Their set consisted primarily of material from their Modernus album, but the music came across as far more polished and authoritative than on the recording. Newest member Ben Garnett has only recently joined the band full time, and it has solidified their rhythm section tremendously, already strong with the expert bass work of Vince Iligan. Mandolinist Thomas Cassell provided all the percussive rhythm the band needed.
Particular standouts were Cool It Son, Lost Mule In Texas, and Joe Hill, which involved a very interesting key change for the jam segment, and a return back to the original to finish it out. Everything they did was entertaining, captivating at times, and played in a spirit of good fun.
The audience was sparse, but it filled this small room where I had also seen Punch Brothers and The Infamous Stringdusters before they made it to the top of the heap.
Most of the pieces they played went jammy after a couple of verses, and the three soloists have the chops to keep that interesting, not always true with modern pickers that don’t come up through the convention/competition circuit.
Here’s a video of Cool It Son from about 10 months ago, before Garnett was a regular bandmate. It has a delightful blues/funk beat, and a clever lyric that expresses how most of us feel in the hot summer son.

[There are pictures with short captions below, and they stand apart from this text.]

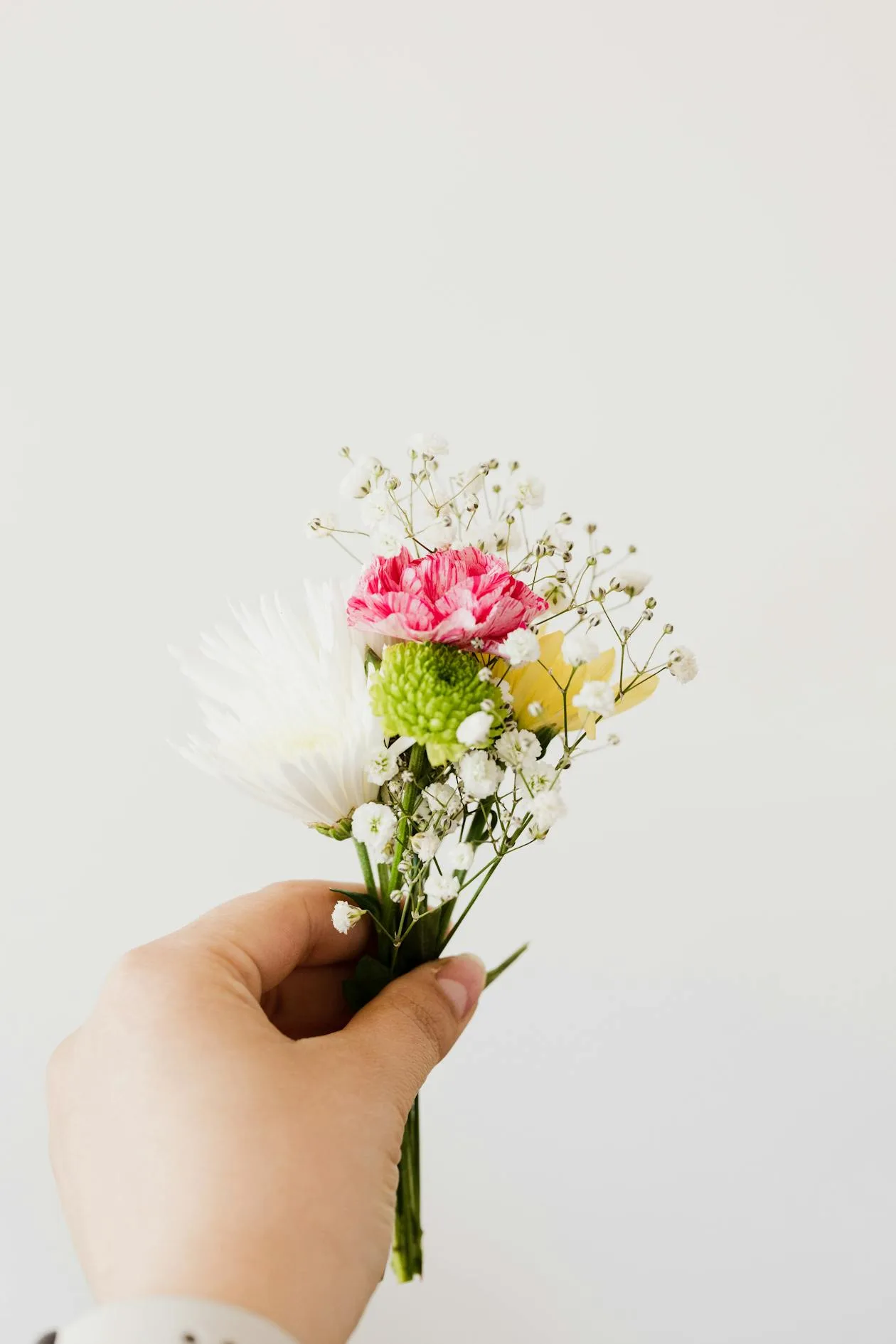 A woman holding a small and delicate bouquet of flowers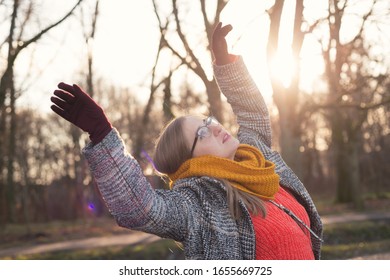 Woman in a coat and glasses dancing in the park in autumn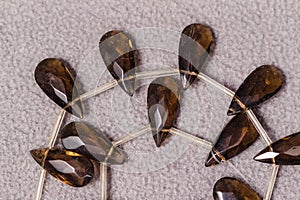 A stand of amber teardrop shaped beads for the creation of jewelry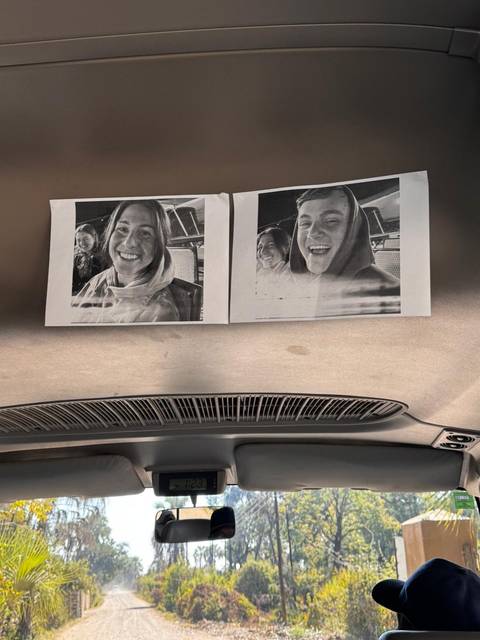 Snapshot of two printed black-and-white photos taped to a vehicle dashboard.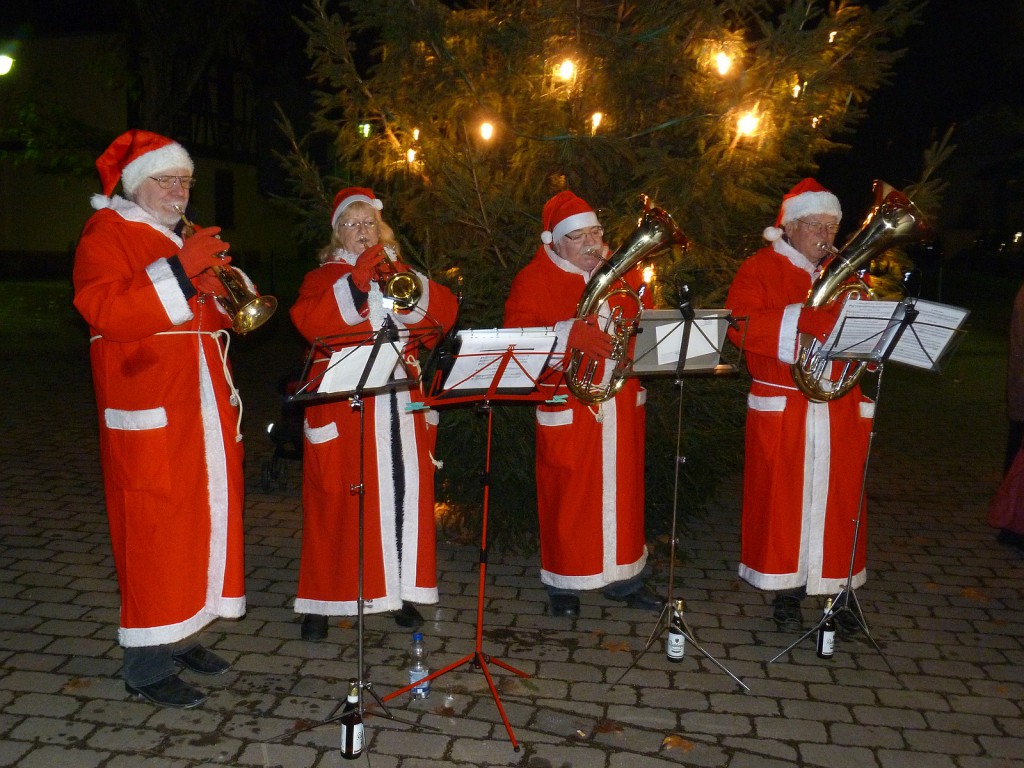 Der Weihnachtsbaum wird aufgestellt, Mitglieder des Blasochesters Höchst untermalen das kleine Fest mit weihnachtlicher Musik.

All four used either mounted pickups or microphones on their instruments, with no microphones except for vocals, and each was plugged in to a pedal board for subtle effects and volume boost for solos. That can often be distracting on stage when players look down to tap their pedals as often as is necessary in bluegrass, but these four managed it imperceptibly. Garnett adjusted his volume with a volume control on his guitar, and unless you were looking for it, I suspect few would notice at all.
Most importantly, the audio fidelity of the instrument-mounted devices was completely transparent, owing both to quality of the equipment used, the band’s expertise in employing it, and the sound system installed at The Spot on Kirk in Roanoke. Kudos all.

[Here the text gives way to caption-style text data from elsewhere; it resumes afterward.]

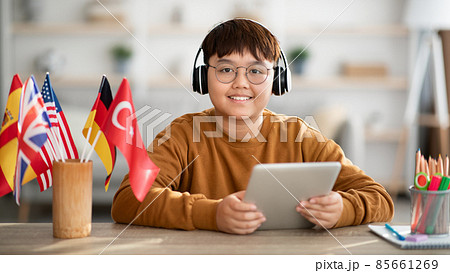 Positive chinese kid with wireless headset and digital tablet Positive chinese kid with wireless headset and digital tablet 85661269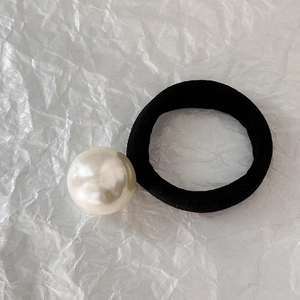 Detailed view of high elasticity black hair tie featuring a large glossy cream pearl bead
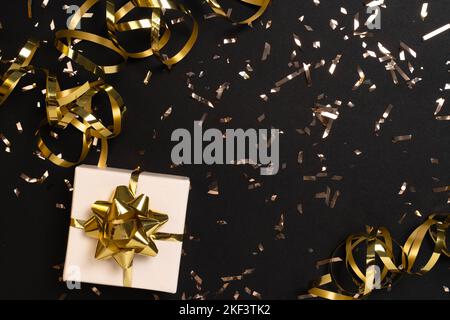 Geschenk- oder Geschenkbox und goldenes Konfetti auf schwarzem Tisch Draufsicht. Flat Lay Komposition mit Copyspace für weihnachten, Neujahr , Geburtstag, Muttertag, schwarzer freitag , Verkauf, Aktionen, Weihnachten oder Hochzeit. Stockfoto
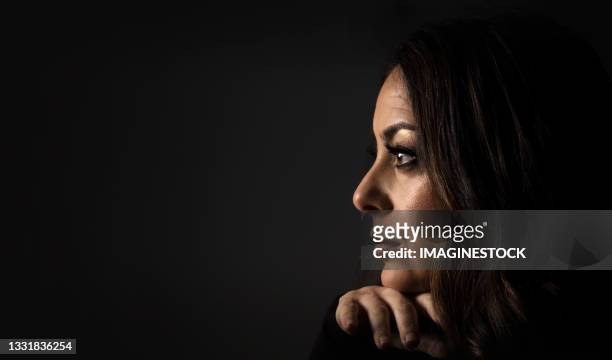 profile portrait of beautiful woman on her hand on a dark background - portrait blurred background stockfoto's en -beelden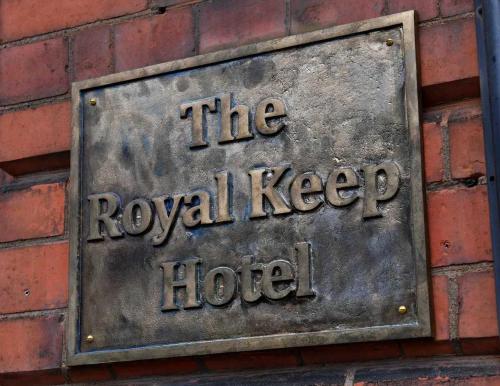 a metal sign on the side of a brick building at The Royal Keep Hotel in Dudley in Dudley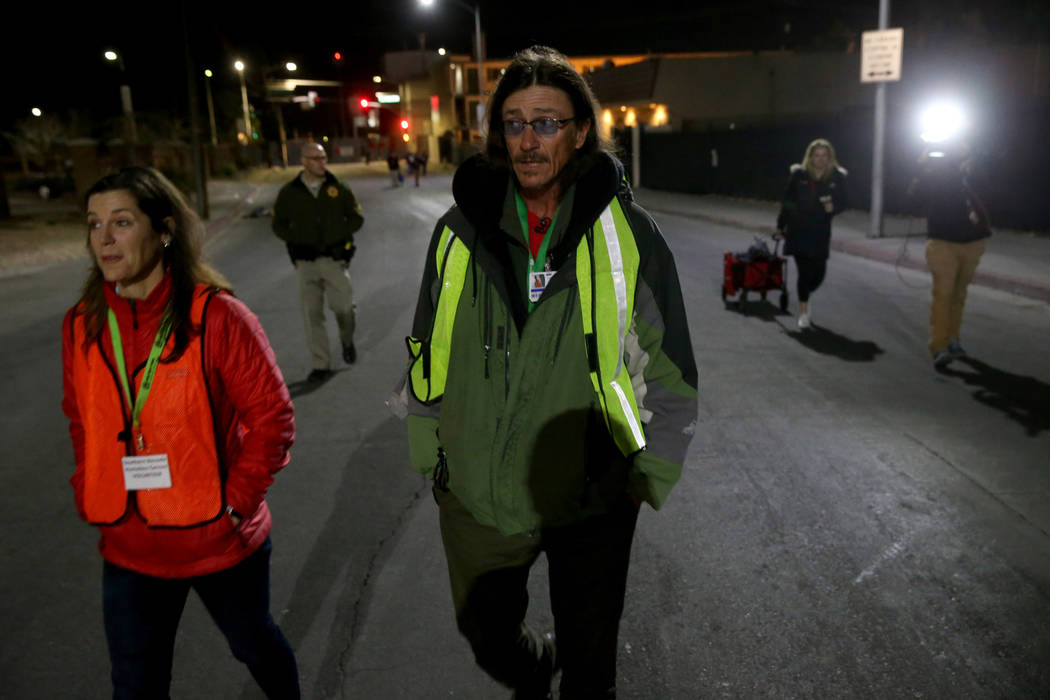 SafeNest CEO Liz Ortenburger and homeless count volunteer Mark Chadwick on Foremaster Lane in d ...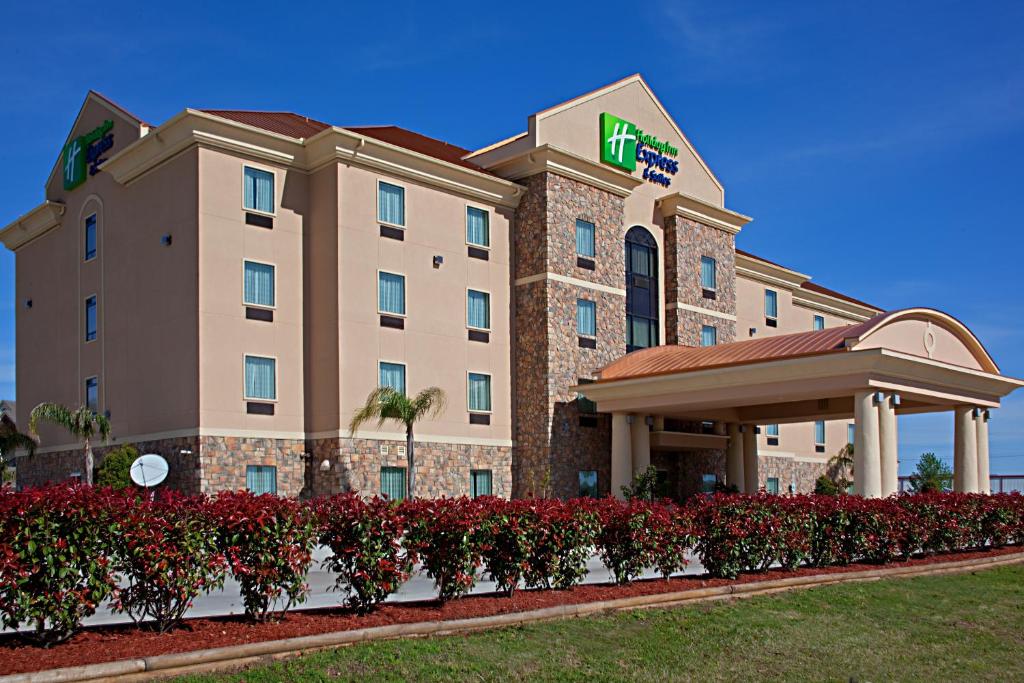 a hotel with red flowers in front of a building at Holiday Inn Express Texas City, an IHG Hotel in Texas City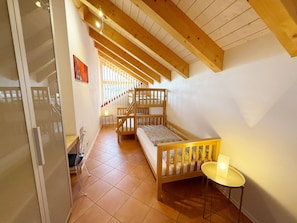 Ein Zimmer mit Etagenbett, einem kleinen Tisch und einer Treppe zu einer erhöhten Ebene.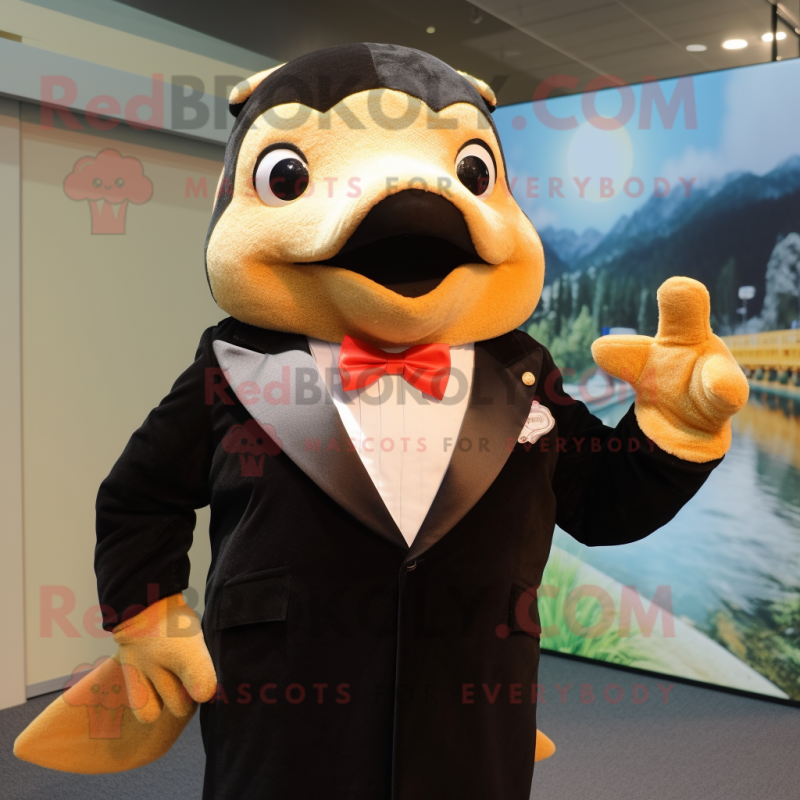 Gold Salmon mascot costume character dressed with a Tuxedo and Mittens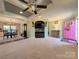 Open-concept living room showcasing a decorative ceiling fan, a pink front door, and neutral carpet at 4713 White Store Rd, Wingate, NC 28174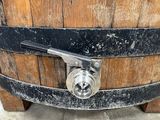 a wooden barrel with a metal latch on it
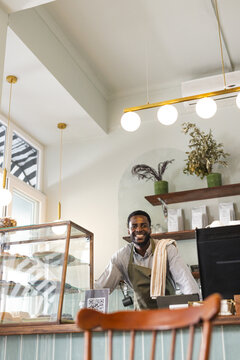An African American male barista stands behind a cafe counter, with copy space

It was great fun seeing modern grasslike music being played by such talented young people. Circus No. 9 has embraced just about everything the genre has created to date – Flatt & Scruggs, New Grass Revival, and Bad Livers influences could all be heard. But these guys are writing their own music, and going about it in their own way.
And please don’t bother pointing out that it’s not “bluegrass.” Our world is big enough for Del McCoury and Circus No. 9 to coexist.
Don’t miss Circus No. 9 if they come your way, and watch out for this bunch – they have something to say.